I think this is neat:

n = 13;
x = rand(n); # independent variable
y = 6 * x + 0.71 * (rand(n) .- 0.5)/2; # fake data: note the slope of 6, random noise
A = [x ones(n)]; # coeff matrix of system of too many equations for linear fit
A \ y # solve for the fit parameters using least squares; note the slope ~ 6
2-element Vector{Float64}:

:slight_smile: Julia is clever.

I wonder if that could be figured out though? The adjoint is already lazy, \ has methods for QR or LU factorizations, and there is LazyArrays.jl. Maybe it’s not so far-fetched to make A'* and inv lazy, so that the pseudo-inverse is automatically recognized and does the right thing. It seems like inv(A'A)*, and maybe the whole pattern (x'x)\x' is lazy-able, as well as right pseudo-inverse. That laziness might do operations in place, so you don’t have to muck up the beautiful * syntax with mul!. (There’s probably already an old thread on this in discourse, but I couldn’t find it.)

In teaching, I’ve taken to avoid writing A^{-1}b on the whiteboard, because when students implement it in code they always do inv. So I just write \ as if it’s math (after checking there are no real mathematicians around). I think Matlab’s introduction of \ and overloading it with pseudo-inverse was a true stroke of genius. But assuming the world isn’t going to adopt \, maybe Julia can cleverly do the right thing with inv(A)*b and pseudo-inverses.


So this one has the advantage of being smarter about the operations due to multiple dispatch than the original? Is that because the two (potentially different) types are called with a single method instead of intermediate methods like inv, which operates only on the first argument/type first?

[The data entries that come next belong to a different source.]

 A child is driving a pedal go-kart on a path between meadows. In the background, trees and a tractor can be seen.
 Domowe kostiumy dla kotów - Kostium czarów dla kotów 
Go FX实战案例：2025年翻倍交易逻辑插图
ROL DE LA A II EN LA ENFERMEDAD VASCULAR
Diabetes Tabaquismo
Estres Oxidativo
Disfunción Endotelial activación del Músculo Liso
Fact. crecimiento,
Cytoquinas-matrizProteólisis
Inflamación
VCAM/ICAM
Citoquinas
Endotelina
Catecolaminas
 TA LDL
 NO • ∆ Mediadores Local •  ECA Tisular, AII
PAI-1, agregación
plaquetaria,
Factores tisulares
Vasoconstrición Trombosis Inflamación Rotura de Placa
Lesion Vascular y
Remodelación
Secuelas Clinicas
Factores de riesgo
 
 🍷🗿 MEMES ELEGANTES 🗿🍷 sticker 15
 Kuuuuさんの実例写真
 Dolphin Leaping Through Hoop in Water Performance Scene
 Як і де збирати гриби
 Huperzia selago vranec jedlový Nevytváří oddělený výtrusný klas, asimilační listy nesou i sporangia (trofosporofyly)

The intention was not to provide a fully optimized form of least squares, which would indeed look a lot more involved. Ideally, you should first compute the LU or QR decomposition, for example, followed by ldiv!, and everything should also be done in-place.

The point was just to provide a simple example where you get lots of specialization for free. This is in fact the case with ols(x,y) = inv(x'x)x'y, as can be seen by simply observing the dozens of specializations provided by LinearAlgebra for inv, adjoint, and *.

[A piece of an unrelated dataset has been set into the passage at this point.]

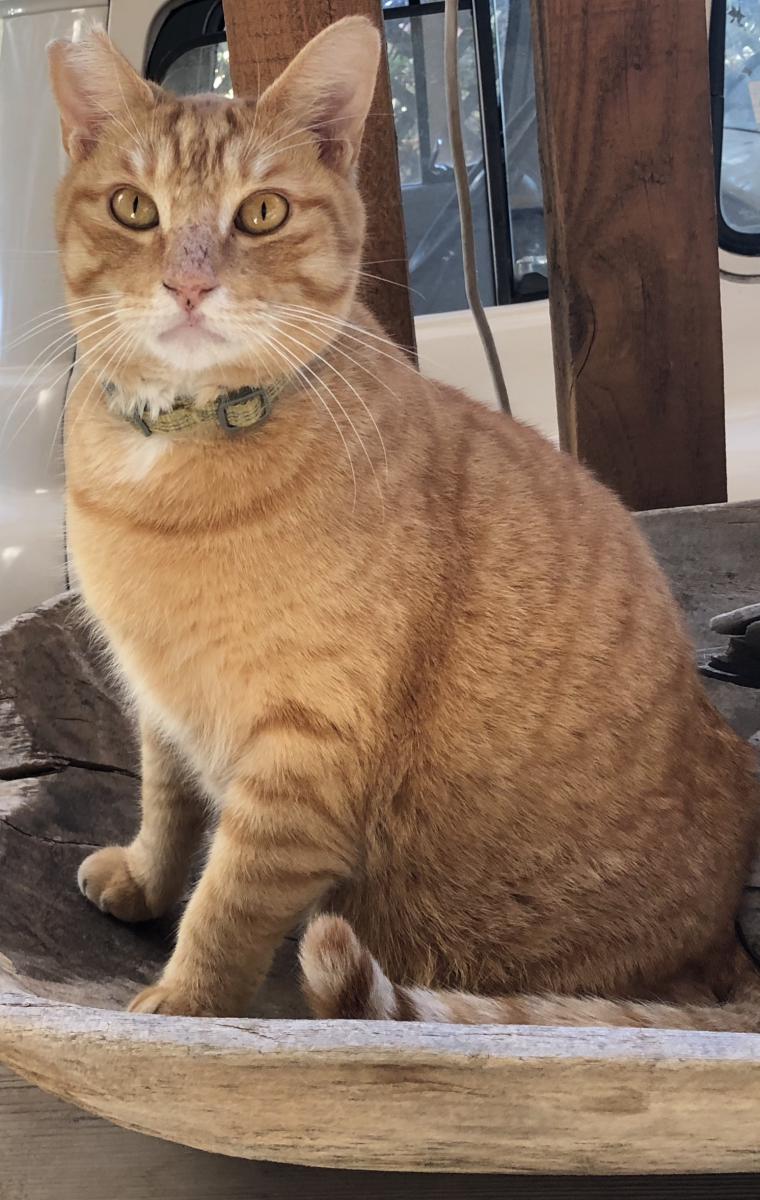 Image of Marcus, Lost Cat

To answer @Alec_Loudenback’s original question, I see no reason why you couldn’t use the shorter form \ and make the same point. I used the slightly longer form because it involved more than one operation, which I thought might be more illustrative.


I get it. I just cringe when I see inv in implementation (not in pseudocode).
So how about ols(x, y) = pinv([x ones(length(x))]) * y?


Yep, that works too!

I also like the added bonus of not needing to pre-pad x with the intercept column :+1:.


Depending on the goals of your article, it might make sense to instead show a little bit more about factorizations/etc. which are connected to the multiple dispatch in this case. These are at the heart of all of these operations, especially if you think “users” would care about big problems or end up solving least squares on the same matrix with different RHSs.

See Numerical Linear Algebra and Factorizations – Quantitative Economics with Julia for some stuff on these factorizations, and Krylov Methods and Matrix Conditioning – Quantitative Economics with Julia

There are no other languages like julia for making using more “advanced” algorithms accessible. And advanced is in the eye of the beholder. To many people, the idea that you would solve least squares without manually forming the normal euqations is tough to imagine (as is the subtlety of why it is slower and/or could have catastrophic numerical error is another issue entirely). By using good packages and algorithms, people can stay more ignorant of these issues.

But, as I said, it all depends on what your goals are. If this is narrowly talking about multiple dispatch in that situation, then I suggest showing the OLS with a sparse vs. a dense matrix.


Thanks, all. Seems like the original example is a bit suboptimal, not because of multiple dispatch, but because there are better alternatives to calling inv for this problem which are more directly performing the optimized maths.